EXERCISE - In the records that follow, the lines from the one containing "Night lighting for" to the one containing "Solbiati Blue Wide Stripe Linen Pants", inclusive, are to be given again exactly.

= Beginning of Section =

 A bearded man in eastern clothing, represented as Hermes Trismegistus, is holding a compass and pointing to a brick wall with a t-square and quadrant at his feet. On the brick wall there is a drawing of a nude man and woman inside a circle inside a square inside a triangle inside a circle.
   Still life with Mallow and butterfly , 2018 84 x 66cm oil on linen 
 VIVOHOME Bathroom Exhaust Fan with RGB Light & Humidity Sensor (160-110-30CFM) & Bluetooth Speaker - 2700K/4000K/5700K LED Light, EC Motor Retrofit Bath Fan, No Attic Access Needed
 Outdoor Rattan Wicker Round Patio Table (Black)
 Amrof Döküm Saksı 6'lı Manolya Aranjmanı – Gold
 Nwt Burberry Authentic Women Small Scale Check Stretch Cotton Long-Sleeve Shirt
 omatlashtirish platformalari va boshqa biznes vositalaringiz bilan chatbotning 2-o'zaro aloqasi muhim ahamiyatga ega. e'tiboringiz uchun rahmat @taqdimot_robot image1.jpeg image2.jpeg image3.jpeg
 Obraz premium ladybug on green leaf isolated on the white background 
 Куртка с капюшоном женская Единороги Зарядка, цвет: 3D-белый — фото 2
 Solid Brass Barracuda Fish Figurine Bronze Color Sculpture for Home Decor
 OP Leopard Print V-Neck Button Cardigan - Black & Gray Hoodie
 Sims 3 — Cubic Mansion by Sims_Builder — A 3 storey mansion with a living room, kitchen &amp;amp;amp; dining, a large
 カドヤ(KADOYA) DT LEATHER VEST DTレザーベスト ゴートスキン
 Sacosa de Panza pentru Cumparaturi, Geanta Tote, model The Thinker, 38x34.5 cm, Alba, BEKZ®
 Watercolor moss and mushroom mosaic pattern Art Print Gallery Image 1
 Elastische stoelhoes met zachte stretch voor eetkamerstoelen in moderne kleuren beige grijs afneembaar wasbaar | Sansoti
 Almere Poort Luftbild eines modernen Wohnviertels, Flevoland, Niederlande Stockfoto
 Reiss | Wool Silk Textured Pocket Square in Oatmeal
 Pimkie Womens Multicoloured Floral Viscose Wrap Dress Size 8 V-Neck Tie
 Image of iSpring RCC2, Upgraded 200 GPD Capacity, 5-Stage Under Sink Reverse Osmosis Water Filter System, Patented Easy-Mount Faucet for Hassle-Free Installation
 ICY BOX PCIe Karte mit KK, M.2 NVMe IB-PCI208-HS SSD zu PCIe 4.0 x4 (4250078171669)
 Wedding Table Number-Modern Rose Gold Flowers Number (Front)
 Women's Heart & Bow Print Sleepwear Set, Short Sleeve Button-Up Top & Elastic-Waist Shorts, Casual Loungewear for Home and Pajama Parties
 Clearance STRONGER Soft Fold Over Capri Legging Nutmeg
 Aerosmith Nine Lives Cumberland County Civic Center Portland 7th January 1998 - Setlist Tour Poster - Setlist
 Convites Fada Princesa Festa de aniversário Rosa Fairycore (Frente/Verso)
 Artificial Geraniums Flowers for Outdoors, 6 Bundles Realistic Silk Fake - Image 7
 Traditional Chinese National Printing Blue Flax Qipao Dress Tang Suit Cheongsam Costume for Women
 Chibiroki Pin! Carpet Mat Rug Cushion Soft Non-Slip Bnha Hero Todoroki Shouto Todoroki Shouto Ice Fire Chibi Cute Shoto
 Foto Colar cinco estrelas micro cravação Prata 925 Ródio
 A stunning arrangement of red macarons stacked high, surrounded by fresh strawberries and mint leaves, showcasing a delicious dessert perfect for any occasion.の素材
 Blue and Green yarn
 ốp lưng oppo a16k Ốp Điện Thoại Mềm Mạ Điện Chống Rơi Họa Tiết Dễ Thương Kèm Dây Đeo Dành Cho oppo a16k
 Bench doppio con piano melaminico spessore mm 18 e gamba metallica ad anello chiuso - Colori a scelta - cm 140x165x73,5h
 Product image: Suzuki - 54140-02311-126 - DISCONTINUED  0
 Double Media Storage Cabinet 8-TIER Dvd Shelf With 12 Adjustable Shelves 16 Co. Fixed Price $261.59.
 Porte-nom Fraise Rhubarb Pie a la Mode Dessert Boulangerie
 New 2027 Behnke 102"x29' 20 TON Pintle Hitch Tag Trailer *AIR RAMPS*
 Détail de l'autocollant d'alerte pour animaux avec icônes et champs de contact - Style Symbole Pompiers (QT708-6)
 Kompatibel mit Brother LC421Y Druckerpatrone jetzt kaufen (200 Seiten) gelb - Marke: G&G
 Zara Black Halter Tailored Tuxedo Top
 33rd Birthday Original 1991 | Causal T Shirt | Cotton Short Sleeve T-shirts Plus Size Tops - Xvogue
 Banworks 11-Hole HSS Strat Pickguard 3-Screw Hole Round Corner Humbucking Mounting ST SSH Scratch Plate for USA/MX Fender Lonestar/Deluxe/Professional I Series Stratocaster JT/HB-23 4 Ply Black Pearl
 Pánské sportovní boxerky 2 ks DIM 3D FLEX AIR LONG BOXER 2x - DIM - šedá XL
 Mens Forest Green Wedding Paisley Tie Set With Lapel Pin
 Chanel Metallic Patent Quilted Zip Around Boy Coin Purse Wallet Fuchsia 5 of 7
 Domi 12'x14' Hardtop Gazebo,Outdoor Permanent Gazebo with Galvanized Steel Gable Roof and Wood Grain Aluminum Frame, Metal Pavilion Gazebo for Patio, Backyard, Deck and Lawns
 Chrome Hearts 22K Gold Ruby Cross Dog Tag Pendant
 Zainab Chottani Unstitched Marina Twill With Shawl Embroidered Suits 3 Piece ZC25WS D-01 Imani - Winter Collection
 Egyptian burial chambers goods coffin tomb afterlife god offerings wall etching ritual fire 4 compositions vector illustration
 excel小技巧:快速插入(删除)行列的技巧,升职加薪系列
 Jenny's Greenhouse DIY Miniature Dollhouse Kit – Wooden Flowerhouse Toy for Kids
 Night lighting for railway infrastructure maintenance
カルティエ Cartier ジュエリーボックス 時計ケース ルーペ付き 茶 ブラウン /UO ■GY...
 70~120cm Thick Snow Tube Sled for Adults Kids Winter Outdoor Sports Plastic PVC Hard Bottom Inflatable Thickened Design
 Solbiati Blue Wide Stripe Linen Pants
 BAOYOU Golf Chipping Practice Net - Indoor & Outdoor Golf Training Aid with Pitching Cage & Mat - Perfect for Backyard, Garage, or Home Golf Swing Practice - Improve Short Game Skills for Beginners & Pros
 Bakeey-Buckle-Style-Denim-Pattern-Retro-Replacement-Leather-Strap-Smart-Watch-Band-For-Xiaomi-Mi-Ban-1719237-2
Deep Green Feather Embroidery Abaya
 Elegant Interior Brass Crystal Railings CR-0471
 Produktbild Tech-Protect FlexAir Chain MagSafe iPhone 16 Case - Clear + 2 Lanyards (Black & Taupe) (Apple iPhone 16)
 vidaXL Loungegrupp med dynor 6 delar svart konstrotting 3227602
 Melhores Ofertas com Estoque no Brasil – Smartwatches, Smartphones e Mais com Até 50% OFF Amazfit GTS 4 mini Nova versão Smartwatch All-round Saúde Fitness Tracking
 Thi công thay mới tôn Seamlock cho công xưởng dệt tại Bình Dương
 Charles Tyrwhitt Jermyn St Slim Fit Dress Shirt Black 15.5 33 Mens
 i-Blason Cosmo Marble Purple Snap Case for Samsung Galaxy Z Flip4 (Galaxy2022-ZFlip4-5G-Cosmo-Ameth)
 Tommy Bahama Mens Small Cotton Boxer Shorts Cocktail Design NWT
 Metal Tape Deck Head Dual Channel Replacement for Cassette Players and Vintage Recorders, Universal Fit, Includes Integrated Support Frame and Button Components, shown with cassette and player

= End of Section =

EXERCISE ANSWER -
 Night lighting for railway infrastructure maintenance
カルティエ Cartier ジュエリーボックス 時計ケース ルーペ付き 茶 ブラウン /UO ■GY...
 70~120cm Thick Snow Tube Sled for Adults Kids Winter Outdoor Sports Plastic PVC Hard Bottom Inflatable Thickened Design
 Solbiati Blue Wide Stripe Linen Pants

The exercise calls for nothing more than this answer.